Carr's stories — growing up as a foster kid, meeting his wife, building an auto-rental company — turn into other stories or else trail into silence when Carr realizes that he's boring himself (and us). Standing in the middle of a cold marble mausoleum, beside strange Egyptian crests of Anubis and a sphinx, McConnell's Carr spends most of his 75 minutes saying a whole lot of not much, and you feel bad for the guy even while wishing you were almost anywhere else but the Mosaic Theatre. All you know is that this guy loved his wife a great deal, and now she's dead. You sympathize. You might also say: So what?
Then comes the LaButian twist, the sudden revelation that changes the whole context of Carr's marriage. It's even less fun than before: an admission of a gruesome crime that implicates both Carr and his wife. I can't tell you what it is, but I can tell you it is arguably grosser than the moment when LaBute's protagonist groped an 11-year-old in Some Girls and more upsetting than when his leads tried destroying a deaf girl in In the Company of Men. When Wrecks premiered two years ago, plenty of people found LaBute's nasty surprise gratuitous — or even worse, they found it pat; a typical LaButian flourish to close a not-at-all enjoyable spectacle.
I disagree, simply because of how much Edward Carr loved his wife and because without committing his crime, he could never have loved her as he did. Wrecks is a big step if not toward the light then at least a semi-turn away from the darkness that has been LaBute's single-minded muse for so long. It's a turn that has only continued in the past two years, most notably with Reasons to Be Pretty, and no playwright has ever needed a moral adjustment so badly. For a long time, LaBute couldn't help but posit humanity as a craven, self-centered species whose members had no utility except in dishing out punishments to one another in a circle of endless flogging. The man pictured in Wrecks is not of that order, nor is the woman he loved. Yes, he has done something foul, something that would make him an outcast from all the human community if it were ever revealed. It's just that, in this instance, LaBute has made it clear that neither Carr nor his wife wanted it that way.

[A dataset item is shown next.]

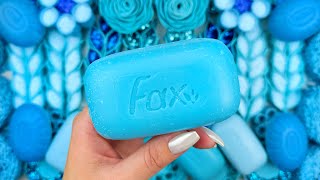 ASMR CRUSHING SOAP BOXES WITH FOAM GLITTERampSTARCH★CUTTING SOAP CUBES ★4K [upl. by Salvay]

For once, LaBute doesn't give us someone to blame. In the moment of performance, the twist that makes up Wrecks' denouement is more heartbreaking than shocking because it makes moral judgments difficult while still demanding them; it asks its audience to make a choice, and it makes the choosing hurt. To feel good for these people and the life they built is to pardon a sin that is unpardonable by any standard. But to condemn them — to be disgusted by them — you must discount the human grief that has been paraded in front of you as a manifestation of sin, corruption, and a filthy spirit, and you must also cop to having wasted a night at the theater.